━━━ Given records ━━━

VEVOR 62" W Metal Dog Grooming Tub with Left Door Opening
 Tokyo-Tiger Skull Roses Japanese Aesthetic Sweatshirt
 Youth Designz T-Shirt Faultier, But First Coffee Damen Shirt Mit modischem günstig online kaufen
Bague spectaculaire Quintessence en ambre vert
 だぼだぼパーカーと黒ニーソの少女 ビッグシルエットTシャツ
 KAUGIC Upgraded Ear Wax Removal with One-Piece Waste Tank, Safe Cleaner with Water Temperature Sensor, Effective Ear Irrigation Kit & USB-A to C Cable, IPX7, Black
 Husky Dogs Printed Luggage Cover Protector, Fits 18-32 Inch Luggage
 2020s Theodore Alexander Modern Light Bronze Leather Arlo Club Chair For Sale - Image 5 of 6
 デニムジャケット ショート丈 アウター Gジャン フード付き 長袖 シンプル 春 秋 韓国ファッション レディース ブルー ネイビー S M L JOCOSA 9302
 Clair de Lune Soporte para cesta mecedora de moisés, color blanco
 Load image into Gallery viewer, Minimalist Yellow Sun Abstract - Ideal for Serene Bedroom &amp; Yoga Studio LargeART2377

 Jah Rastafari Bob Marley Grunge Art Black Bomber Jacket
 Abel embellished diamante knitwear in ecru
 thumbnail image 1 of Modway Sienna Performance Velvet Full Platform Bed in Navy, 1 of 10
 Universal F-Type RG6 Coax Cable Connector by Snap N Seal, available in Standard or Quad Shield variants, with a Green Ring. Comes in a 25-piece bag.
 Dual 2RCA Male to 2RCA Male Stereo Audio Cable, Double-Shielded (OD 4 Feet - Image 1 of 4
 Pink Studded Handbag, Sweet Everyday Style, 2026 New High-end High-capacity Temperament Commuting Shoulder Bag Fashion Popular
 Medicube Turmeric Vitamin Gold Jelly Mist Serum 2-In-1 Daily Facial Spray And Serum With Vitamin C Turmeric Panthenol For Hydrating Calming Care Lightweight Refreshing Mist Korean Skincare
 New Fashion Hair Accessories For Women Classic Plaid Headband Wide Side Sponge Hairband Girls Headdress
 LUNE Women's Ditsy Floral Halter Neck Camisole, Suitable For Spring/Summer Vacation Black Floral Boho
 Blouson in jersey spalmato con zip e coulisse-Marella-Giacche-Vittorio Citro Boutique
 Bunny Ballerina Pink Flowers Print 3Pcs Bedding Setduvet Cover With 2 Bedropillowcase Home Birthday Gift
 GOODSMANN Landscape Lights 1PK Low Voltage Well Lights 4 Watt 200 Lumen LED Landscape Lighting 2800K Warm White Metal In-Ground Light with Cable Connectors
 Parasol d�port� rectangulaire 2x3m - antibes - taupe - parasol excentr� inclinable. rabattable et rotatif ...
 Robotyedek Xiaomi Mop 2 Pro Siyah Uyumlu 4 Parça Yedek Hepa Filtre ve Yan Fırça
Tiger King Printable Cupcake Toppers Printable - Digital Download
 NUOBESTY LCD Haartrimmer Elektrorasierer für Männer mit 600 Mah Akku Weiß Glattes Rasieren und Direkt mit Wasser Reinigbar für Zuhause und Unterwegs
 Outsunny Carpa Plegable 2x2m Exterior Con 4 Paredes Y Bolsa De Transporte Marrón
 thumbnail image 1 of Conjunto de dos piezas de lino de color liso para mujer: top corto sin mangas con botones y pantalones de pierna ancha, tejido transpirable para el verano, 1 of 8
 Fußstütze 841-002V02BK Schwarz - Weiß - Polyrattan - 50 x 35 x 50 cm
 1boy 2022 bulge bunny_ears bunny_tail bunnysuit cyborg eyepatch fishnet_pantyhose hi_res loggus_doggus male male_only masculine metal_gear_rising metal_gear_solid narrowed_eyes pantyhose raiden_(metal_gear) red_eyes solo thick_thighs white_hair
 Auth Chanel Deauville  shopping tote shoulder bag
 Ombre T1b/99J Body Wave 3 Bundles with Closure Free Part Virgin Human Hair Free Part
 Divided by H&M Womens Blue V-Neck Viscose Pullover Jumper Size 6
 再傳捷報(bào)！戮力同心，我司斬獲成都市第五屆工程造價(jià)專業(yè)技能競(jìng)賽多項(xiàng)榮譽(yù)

━━━

**Problem requirements**.
The expected output is the lines from the one with "Ombre T1b/99J Body" through the end of the data, exactly as written and nothing more.

**Your solution**.
 Ombre T1b/99J Body Wave 3 Bundles with Closure Free Part Virgin Human Hair Free Part
 Divided by H&M Womens Blue V-Neck Viscose Pullover Jumper Size 6
 再傳捷報(bào)！戮力同心，我司斬獲成都市第五屆工程造價(jià)專業(yè)技能競(jìng)賽多項(xiàng)榮譽(yù)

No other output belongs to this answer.